Steve Dunne Posted November 3, 2018 Share Posted November 3, 2018 Hi Bruce! No hiding place eh?. My chicken hopper design would be no good here, it is for feeding a lower small tank from a larger and higher-positioned reservoir. I like Roger's suggestion of welding two tanks together, but I would cold-weld (glue) them with a suitable plastic weld adhesive (experiments required with old tank material) then bandage the weld with a ribbon soaked in Foam-tac or UHU Por. This gives you lots of time for playing and manouevering, and probably is much easier to create a non-leaky joint. I have not tried this with a fuel tank, but used exactly this method some years ago to create made-to-fit bottles for thinners etc. in a home-made en-plein-air painting kit. They are still working... Good luck - and have fun experimenting Steve. Quote Link to comment Share on other sites More sharing options...
fly boy3 Posted November 3, 2018 Author Share Posted November 3, 2018 I too like this adhesive join method. Can anyone say what actual material tanks are made from ? Cheers Quote Link to comment Share on other sites More sharing options...

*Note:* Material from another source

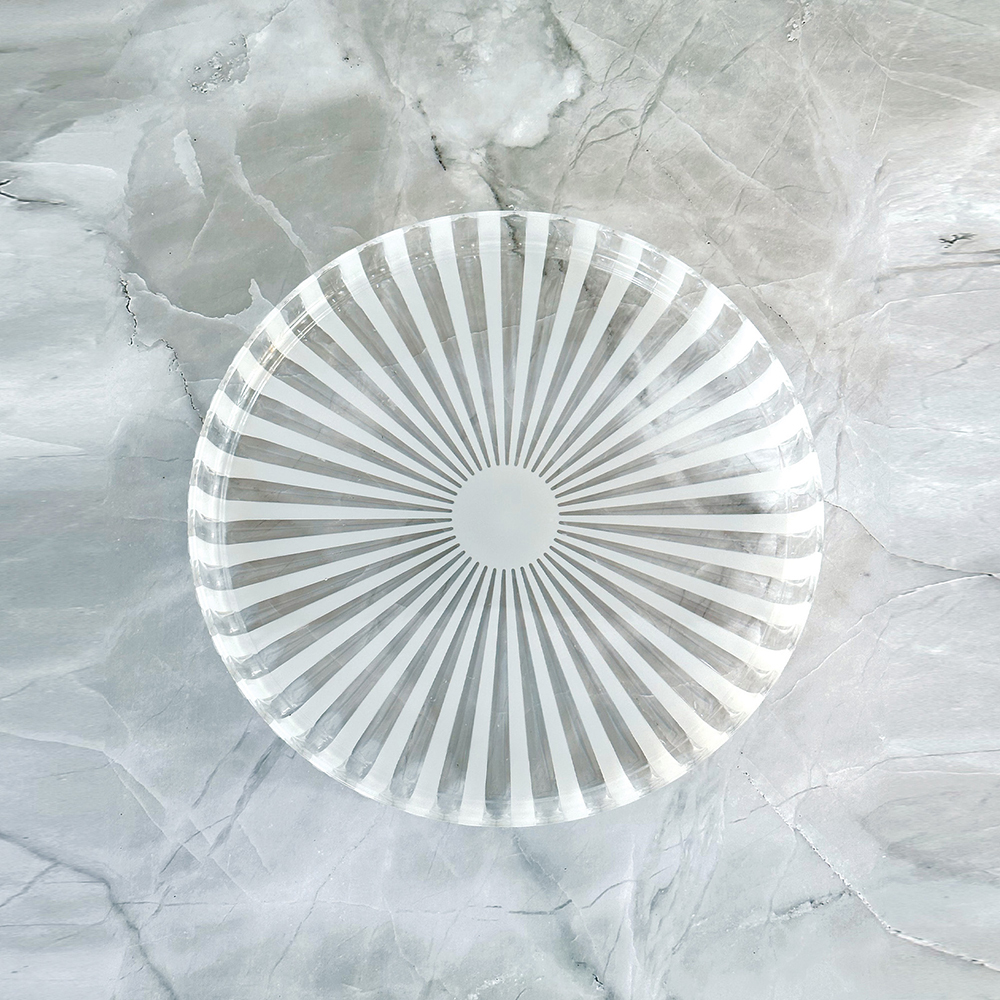 Dolcevita 31cm Round Serving Tray - Mother of Pearl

Don Fry Posted November 3, 2018 Share Posted November 3, 2018 Now I would make a trough, in wood, close fit to the width of the tank, so the glued ends are butted very accurately and quickly together by simply sliding them together in the trough, and the trough makes it easy to hold the halves still until set Glue might not be a goer, as I think these tanks are polythene. To melt, a plate of heavy metal on the stove would work, not too high a heat. Experiment with scrap bits first. Remember, the smell takes an hour to dissipate. Don't use a non stick pan. Sharpen a good chefs knife first, so if caught, at least you don't suffer. Quote Link to comment Share on other sites More sharing options...
Steve Dunne Posted November 3, 2018 Share Posted November 3, 2018 "I too like this adhesive join method. Can anyone say what actual material tanks are made from ?" Perhaps call SLEC and ask them? Quote Link to comment Share on other sites More sharing options...

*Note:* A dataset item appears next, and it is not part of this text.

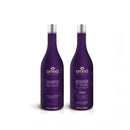 Omnia Professional Silver Volume Reducer Set 2x1 1Liter - Brazil Keratin
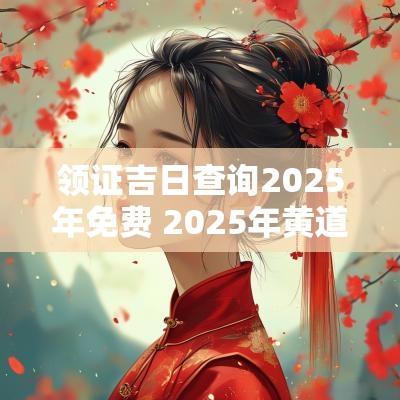 领证吉日查询2025年免费 2025年黄道吉日查询领证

Don Fry Posted November 3, 2018 Share Posted November 3, 2018 Sorry, senile double post. Edited By Don Fry on 03/11/2018 13:00:00 Quote Link to comment Share on other sites More sharing options...

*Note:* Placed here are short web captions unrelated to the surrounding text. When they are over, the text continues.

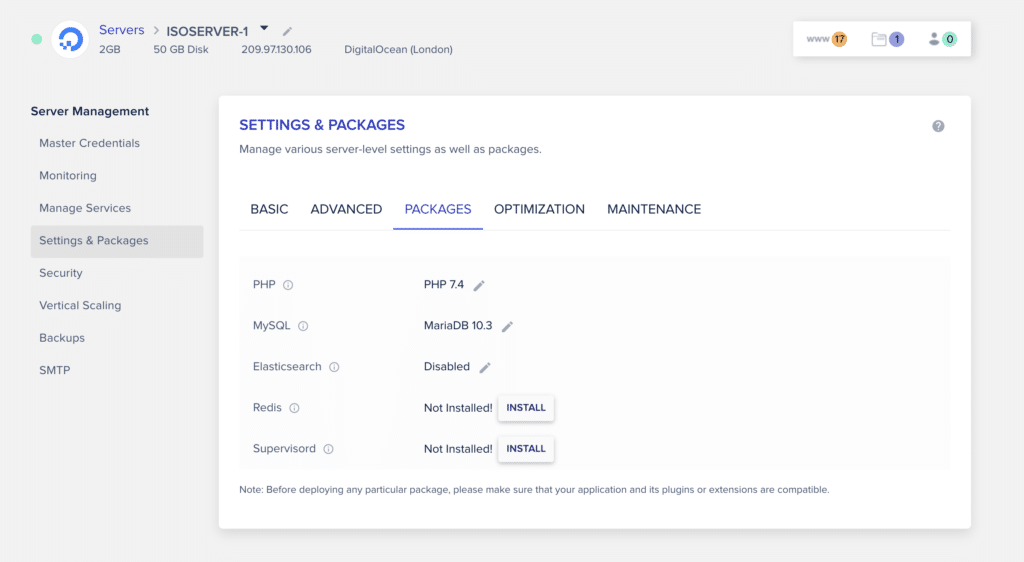 Paket platform dan manajer pengaturan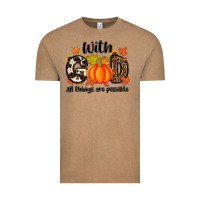 With God All Things Are Possible Vintage Tee | Teevron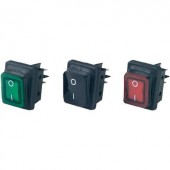 Billenőkapcsoló KI-BE 16A/250V piros világító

Steve Dunne Posted November 3, 2018 Share Posted November 3, 2018 "Glue might not be a goer, as I think these tanks are polythene" Don, polythene is no longer un-gluable. A couple of ads picked up from google: Permabond POP Primer **LINK** Loctite: The Loctite All-Plastic Super Glue includes a tube of bonding agent and a bottle of surface activator. It bonds with hard and soft plastic. The glue works well with polyethylene and polypropylene surfaces. And there are others - not particularly cheap, but will do the job. Steve. Quote Link to comment Share on other sites More sharing options...
Don Fry Posted November 4, 2018 Share Posted November 4, 2018 I have rumbled this about my head for a day. And I think; Heat weld, Pro, not complicated, will work for ever, because it's ancient technology. Against, needs some experimenting, needs speed, and confidence. All to get the correct weld temperature. Will work if there is a gap. Glue. Pro, easy, less need for speed. Against, not cheap. At flight 60, will the new technology still keep the fuel in. You might contact the company, but they will say that the exact use criteria are beyond their control, and users are advised to conduct suitable tests. I.e., see if it lasts 60 flights. No data as to gap filling qualities, As I said above. Not my airframe, therefore not my decision. Quote Link to comment Share on other sites More sharing options...
Steve Dunne Posted November 5, 2018 Share Posted November 5, 2018 On reflection, I agree with you, Don. Quote Link to comment Share on other sites More sharing options...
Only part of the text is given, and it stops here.